Out there, there is a war between iPhone (current champion), and Android (candidate) for the mobile market (where is Windows Mobile? what are they doing?). This war affect all of us that work with mobile devices in education, as we have to choose to develop the mobile app in one platform or another.

Recently I''ve read an interesting post in AboveTheCrowd about this war. The conclussion that I obtained reading it and some other good posts is that Google's Android is going to win the war for the majority of people. As they succesfully pointed: "Google is attempting to be the Microsoft of the smartphone market.  Perhaps ironically, Apple is well positioned to be the “Apple” of the smartphone market."

The reason is clear, Apple goes on with its Operating System mounted over its Hardware (as ocurred in PCs), while Android is an Open Source Operating System open to be mounted over any device of any company (e.g. currently I know at least Motorola, Samsung, and HTC).

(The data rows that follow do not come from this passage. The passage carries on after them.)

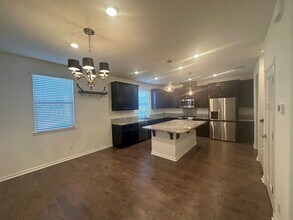 1593 Parkside Way in Roseville, CA - Building Photo - Building Photo
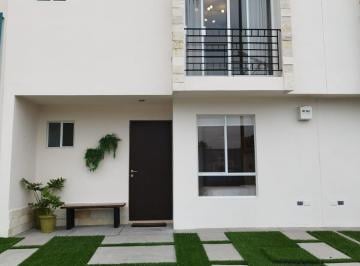 Casa · 118m² · 3 Recámaras · 2 Estacionamientos · Casa en Lagunillas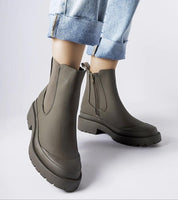 Varenta Weatherproof Platform Boots with zipper closure, waterproof upper, and thick sole for strong grip and height, ideal for any weather.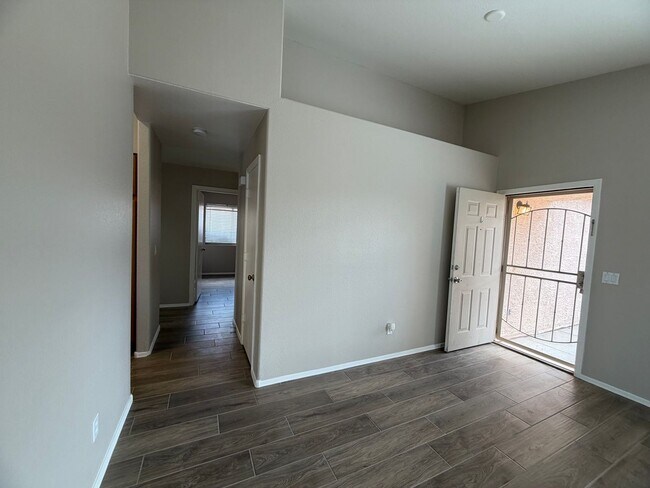 Building Photo - 16719 N 160th Ave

These are two clear advantages: open source (millions of developers working for free to provide cool applications); and hardware independence (many manufacturers will use Android to reach the masses).



But, there is another good reason that will Google win the battle. While carriers have to pay a fee to Apple to sell its devices, Google gives them for free. Better than free! Google pays to the carriers an ad share! The reason is because Google don't need to earn money selling hardware or software, they want to control the device from where masses will make searches (and see its advertisment). In other case, if Apple would control the masses' device, it could ask an add fee to Google. And that's bad for Google's ad bussiness, which is its main bussiness.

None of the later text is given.